Given records START

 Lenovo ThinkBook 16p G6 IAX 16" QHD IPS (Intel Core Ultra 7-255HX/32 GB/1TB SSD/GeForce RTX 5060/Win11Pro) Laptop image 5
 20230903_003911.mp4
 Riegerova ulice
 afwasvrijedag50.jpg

Given records END
Given records START

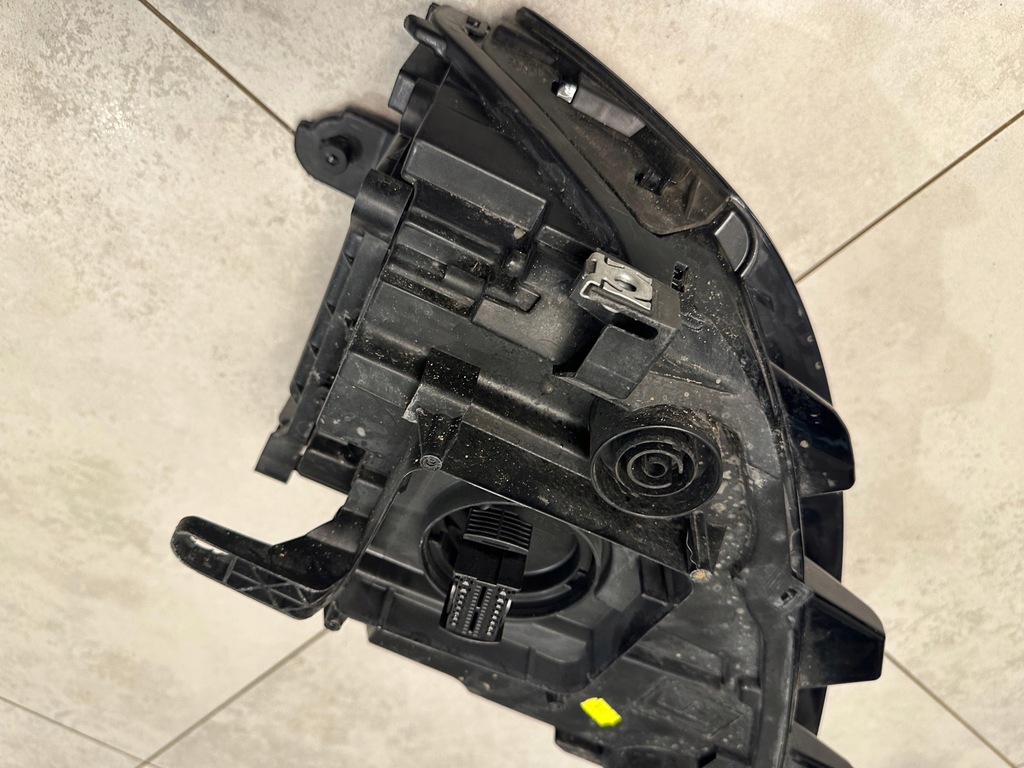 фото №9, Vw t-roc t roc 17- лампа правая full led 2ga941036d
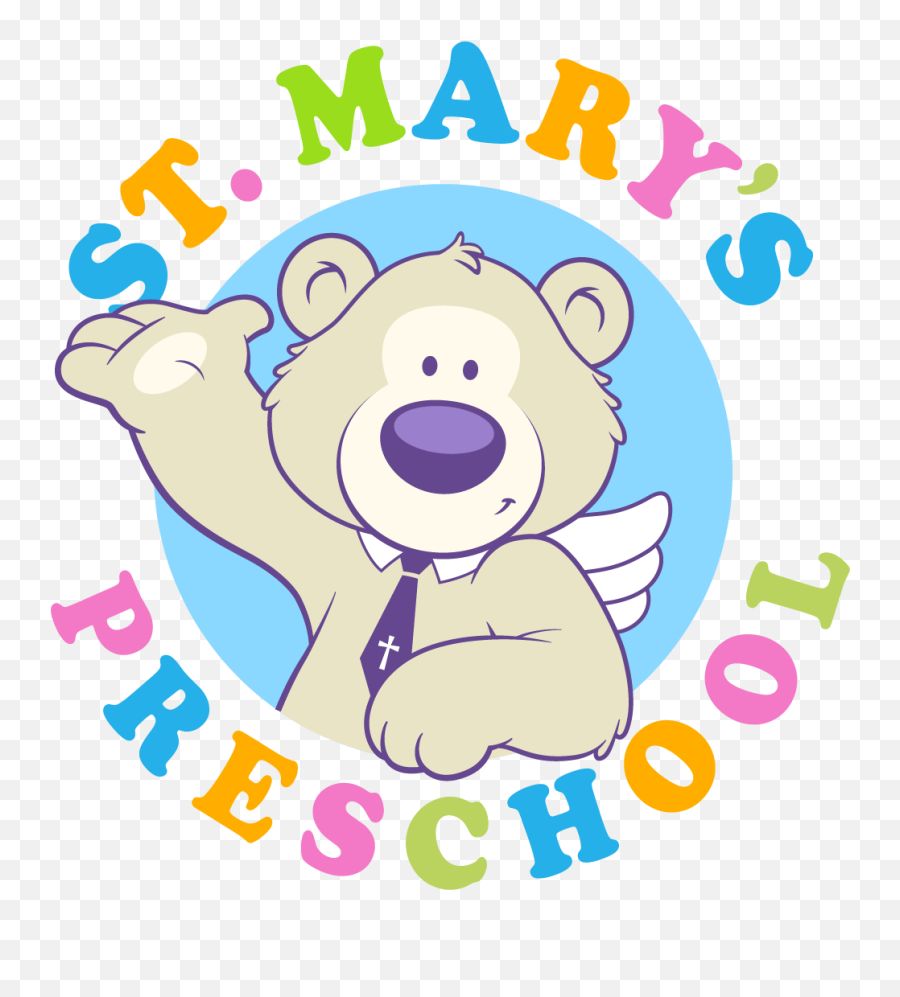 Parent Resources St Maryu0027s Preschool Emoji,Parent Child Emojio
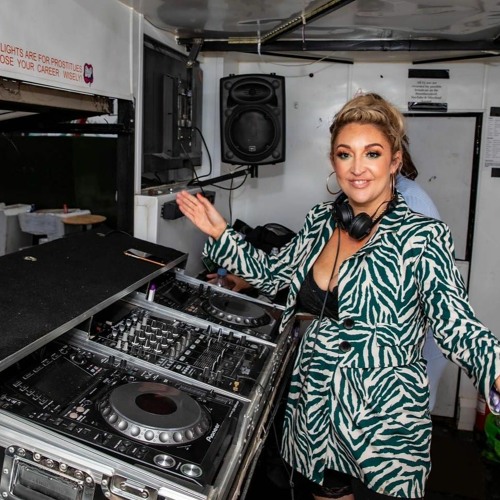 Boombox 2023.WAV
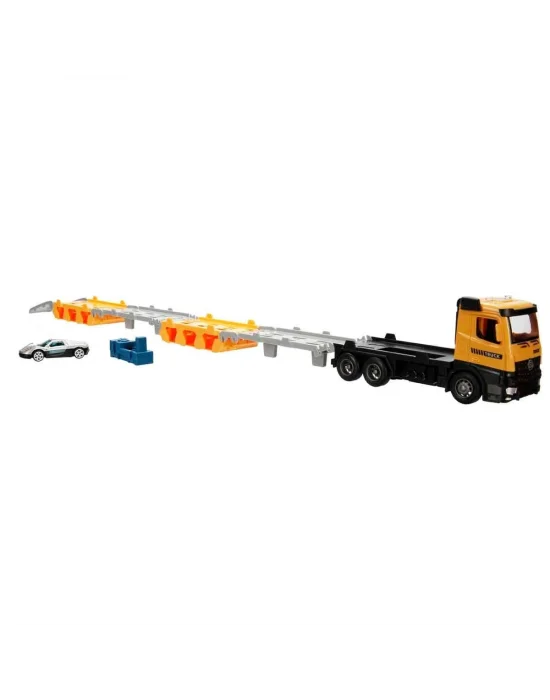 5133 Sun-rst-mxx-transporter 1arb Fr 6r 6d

Given records END
Given records START

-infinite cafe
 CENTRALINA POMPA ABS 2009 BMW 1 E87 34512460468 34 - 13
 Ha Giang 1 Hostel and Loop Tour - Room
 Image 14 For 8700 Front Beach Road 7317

Given records END

Your answer should be the lines above, from the line containing "Ha Giang 1 Hostel and Loop Tour - Room" up to and including the line containing "Image 14 For 8700 Front Beach Road 7317", reproduced exactly and with nothing else.

 Ha Giang 1 Hostel and Loop Tour - Room
 Image 14 For 8700 Front Beach Road 7317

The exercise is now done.